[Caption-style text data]
▼

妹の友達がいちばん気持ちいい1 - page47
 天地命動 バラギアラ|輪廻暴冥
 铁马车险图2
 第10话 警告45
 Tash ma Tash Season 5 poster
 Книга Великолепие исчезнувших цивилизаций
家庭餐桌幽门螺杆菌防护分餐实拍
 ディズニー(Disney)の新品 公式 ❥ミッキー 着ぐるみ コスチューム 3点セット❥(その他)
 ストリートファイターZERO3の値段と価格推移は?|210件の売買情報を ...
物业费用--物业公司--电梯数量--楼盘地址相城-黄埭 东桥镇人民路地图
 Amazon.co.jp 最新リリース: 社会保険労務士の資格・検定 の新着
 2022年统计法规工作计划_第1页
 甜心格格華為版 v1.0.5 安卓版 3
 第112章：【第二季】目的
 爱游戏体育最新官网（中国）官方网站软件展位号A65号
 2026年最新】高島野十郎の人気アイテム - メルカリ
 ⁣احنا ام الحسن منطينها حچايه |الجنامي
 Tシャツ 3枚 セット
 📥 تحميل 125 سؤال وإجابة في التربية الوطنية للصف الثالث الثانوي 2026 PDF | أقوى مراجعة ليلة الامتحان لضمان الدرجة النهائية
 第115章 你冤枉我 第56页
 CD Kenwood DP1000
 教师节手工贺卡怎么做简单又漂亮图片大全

▲

**Instructions for the task**
Give the exact lines, and only those, from the line containing "ディズニー(Disney)の新品 公式 ❥ミッキー" through the line containing "2026年最新】高島野十郎の人気アイテム - メルカリ" in the entries above.

**Task answer**
 ディズニー(Disney)の新品 公式 ❥ミッキー 着ぐるみ コスチューム 3点セット❥(その他)
 ストリートファイターZERO3の値段と価格推移は?|210件の売買情報を ...
物业费用--物业公司--电梯数量--楼盘地址相城-黄埭 东桥镇人民路地图
 Amazon.co.jp 最新リリース: 社会保険労務士の資格・検定 の新着
 2022年统计法规工作计划_第1页
 甜心格格華為版 v1.0.5 安卓版 3
 第112章：【第二季】目的
 爱游戏体育最新官网（中国）官方网站软件展位号A65号
 2026年最新】高島野十郎の人気アイテム - メルカリ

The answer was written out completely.